[Question] race during kasan_populate_vmalloc_pte

From: Wupeng Ma
Date: Tue Jun 18 2024 - 02:40:46 EST


Hi maintainers,

During our testing, we discovered that kasan vmalloc may trigger a false
vmalloc-out-of-bounds warning due to a race between kasan_populate_vmalloc_pte
and kasan_depopulate_vmalloc_pte.

cpu0 cpu1 cpu2
kasan_populate_vmalloc_pte kasan_populate_vmalloc_pte kasan_depopulate_vmalloc_pte
spin_unlock(&init_mm.page_table_lock);
pte_none(ptep_get(ptep))
// pte is valid here, return here
pte_clear(&init_mm, addr, ptep);
pte_none(ptep_get(ptep))
// pte is none here try alloc new pages
spin_lock(&init_mm.page_table_lock);
kasan_poison
// memset kasan shadow region to 0
page = __get_free_page(GFP_KERNEL);
__memset((void *)page, KASAN_VMALLOC_INVALID, PAGE_SIZE);
pte = pfn_pte(PFN_DOWN(__pa(page)), PAGE_KERNEL);
spin_lock(&init_mm.page_table_lock);
set_pte_at(&init_mm, addr, ptep, pte);
spin_unlock(&init_mm.page_table_lock);


Since kasan shadow memory in cpu0 is set to 0xf0 which means it is not
initialized after the race in cpu1. Consequently, a false vmalloc-out-of-bounds
warning is triggered when a user attempts to access this memory region.

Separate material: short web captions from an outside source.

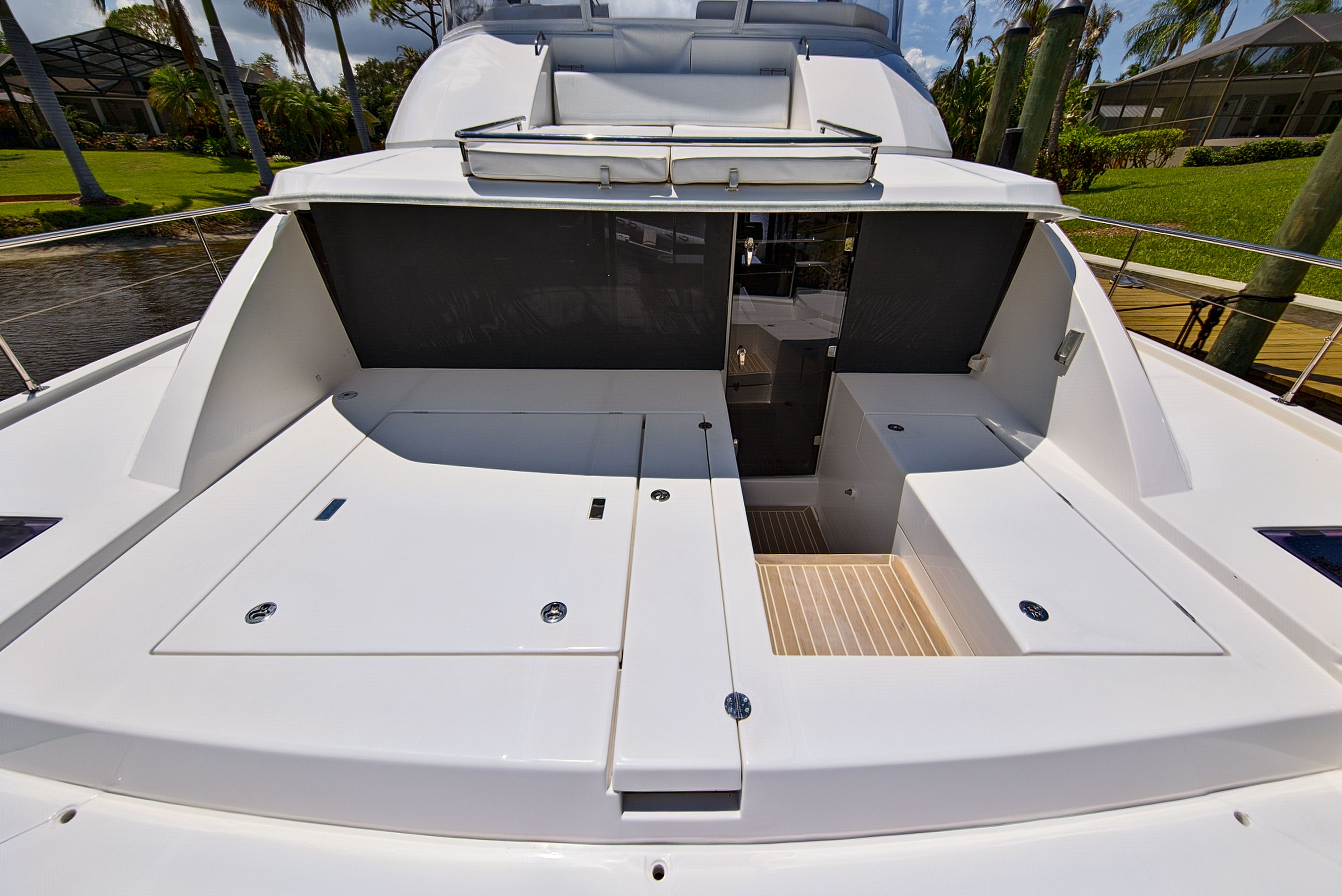 Boat image 118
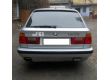 BMW 5 Series Touring 2.0, 1996 г.в., фото №5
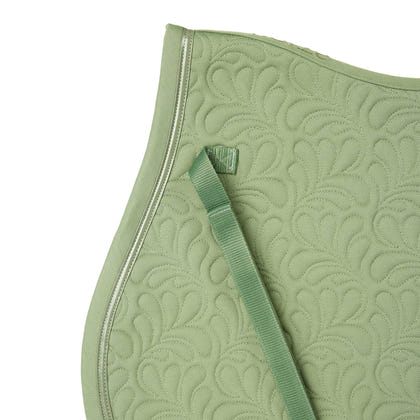 Horze Free Form All Purpose Saddle Pad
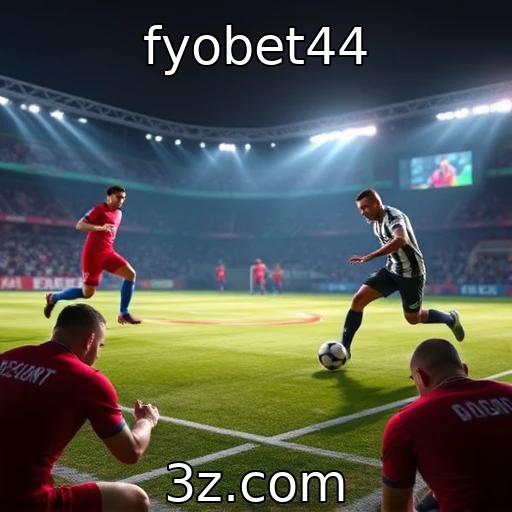 O futuro dos jogos baseados em assinaturas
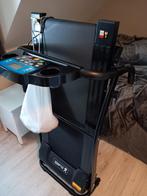 Loopband blumill, Ophalen, Zo goed als nieuw, Loopband
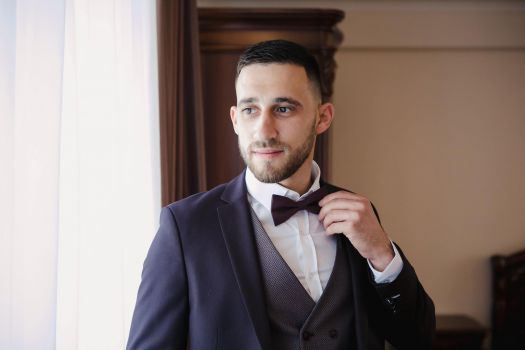 43047138 2198871433725454 6335141765930024960 o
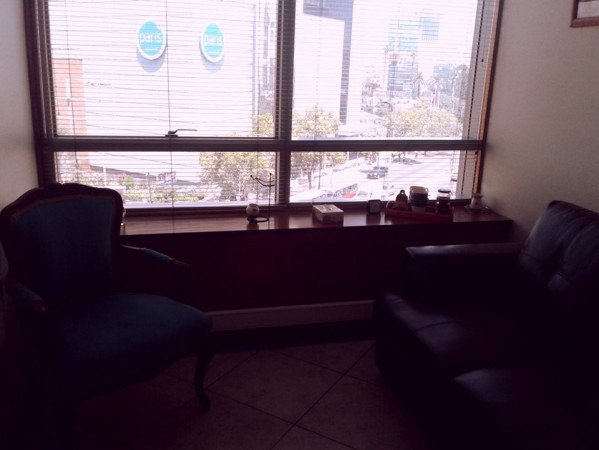 Imagen 2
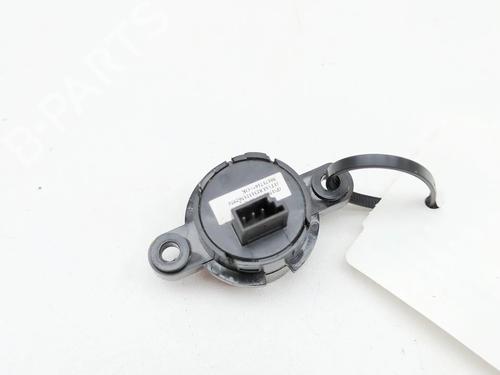 Switch TESLA MODEL Y (5YJY) EV Performance All-wheel Drive | BP38783126I30 - Image 5
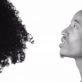Ethiopian Music : Beza Kulu (Wub Konjo) ቤዛ ኩሉ (ውብ ቆንጆ)  - New Ethiopian Music 2020(Official Video)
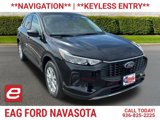 New 2024 Ford Escape Active w/ Tech Pack #1 image 1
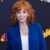 Reba McEntire Is Officially Exiting ‘The Voice’: What to Know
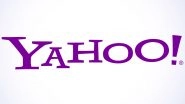 Yahoo Layoffs: US Technology Company To Sack 1,600 Employees, Ad Tech Business Most Impacted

The root cause of this problem is the pte valid check at the start of
kasan_populate_vmalloc_pte should be removed since it is not protected by
page_table_lock. However, this may result in severe performance degradation
since pages will be frequently allocated and freed.

Is there have any thoughts on how to solve this issue?

Thank you.